#### What you need to do
Below are the records. Reproduce the line that contains "Hosso unagi" and every line after it to the end, exactly and alone.

Items from a data source:
--- START ---

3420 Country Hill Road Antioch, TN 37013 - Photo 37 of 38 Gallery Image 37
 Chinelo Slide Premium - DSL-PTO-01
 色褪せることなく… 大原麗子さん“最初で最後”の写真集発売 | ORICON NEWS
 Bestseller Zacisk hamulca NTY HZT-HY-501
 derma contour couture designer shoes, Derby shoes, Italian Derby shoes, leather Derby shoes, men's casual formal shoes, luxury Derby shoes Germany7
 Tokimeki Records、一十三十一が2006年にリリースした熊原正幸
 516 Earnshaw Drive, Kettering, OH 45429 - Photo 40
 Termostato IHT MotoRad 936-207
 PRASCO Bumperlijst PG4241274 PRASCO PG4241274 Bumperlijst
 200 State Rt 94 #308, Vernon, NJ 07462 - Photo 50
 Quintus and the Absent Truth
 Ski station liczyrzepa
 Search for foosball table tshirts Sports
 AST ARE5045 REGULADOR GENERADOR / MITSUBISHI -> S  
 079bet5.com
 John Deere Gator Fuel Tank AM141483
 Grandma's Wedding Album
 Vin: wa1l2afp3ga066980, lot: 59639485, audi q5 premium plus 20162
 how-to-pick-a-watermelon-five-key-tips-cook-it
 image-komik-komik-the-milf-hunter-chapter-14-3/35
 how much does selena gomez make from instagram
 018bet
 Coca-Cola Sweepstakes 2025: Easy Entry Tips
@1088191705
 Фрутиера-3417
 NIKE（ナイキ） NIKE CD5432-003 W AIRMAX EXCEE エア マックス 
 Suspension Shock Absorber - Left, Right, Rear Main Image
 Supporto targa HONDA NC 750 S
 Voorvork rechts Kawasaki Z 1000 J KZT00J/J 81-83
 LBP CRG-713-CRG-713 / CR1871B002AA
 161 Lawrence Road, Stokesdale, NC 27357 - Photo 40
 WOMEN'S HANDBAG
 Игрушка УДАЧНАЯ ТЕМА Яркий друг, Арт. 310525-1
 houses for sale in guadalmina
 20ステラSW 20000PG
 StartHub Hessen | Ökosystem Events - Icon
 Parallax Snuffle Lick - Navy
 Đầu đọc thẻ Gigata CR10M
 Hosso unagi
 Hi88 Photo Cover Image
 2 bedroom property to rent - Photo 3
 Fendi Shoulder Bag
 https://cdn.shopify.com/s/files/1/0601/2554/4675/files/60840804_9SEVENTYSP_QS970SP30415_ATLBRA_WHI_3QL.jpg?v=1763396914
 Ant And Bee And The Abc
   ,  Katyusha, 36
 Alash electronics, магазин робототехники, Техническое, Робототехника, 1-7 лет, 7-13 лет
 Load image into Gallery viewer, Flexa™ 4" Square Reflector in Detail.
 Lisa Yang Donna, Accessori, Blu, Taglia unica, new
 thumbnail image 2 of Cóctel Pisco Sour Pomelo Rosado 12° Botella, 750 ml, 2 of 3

--- END ---

#### Exercise answer
 Hosso unagi
 Hi88 Photo Cover Image
 2 bedroom property to rent - Photo 3
 Fendi Shoulder Bag
 https://cdn.shopify.com/s/files/1/0601/2554/4675/files/60840804_9SEVENTYSP_QS970SP30415_ATLBRA_WHI_3QL.jpg?v=1763396914
 Ant And Bee And The Abc
   ,  Katyusha, 36
 Alash electronics, магазин робототехники, Техническое, Робототехника, 1-7 лет, 7-13 лет
 Load image into Gallery viewer, Flexa™ 4" Square Reflector in Detail.
 Lisa Yang Donna, Accessori, Blu, Taglia unica, new
 thumbnail image 2 of Cóctel Pisco Sour Pomelo Rosado 12° Botella, 750 ml, 2 of 3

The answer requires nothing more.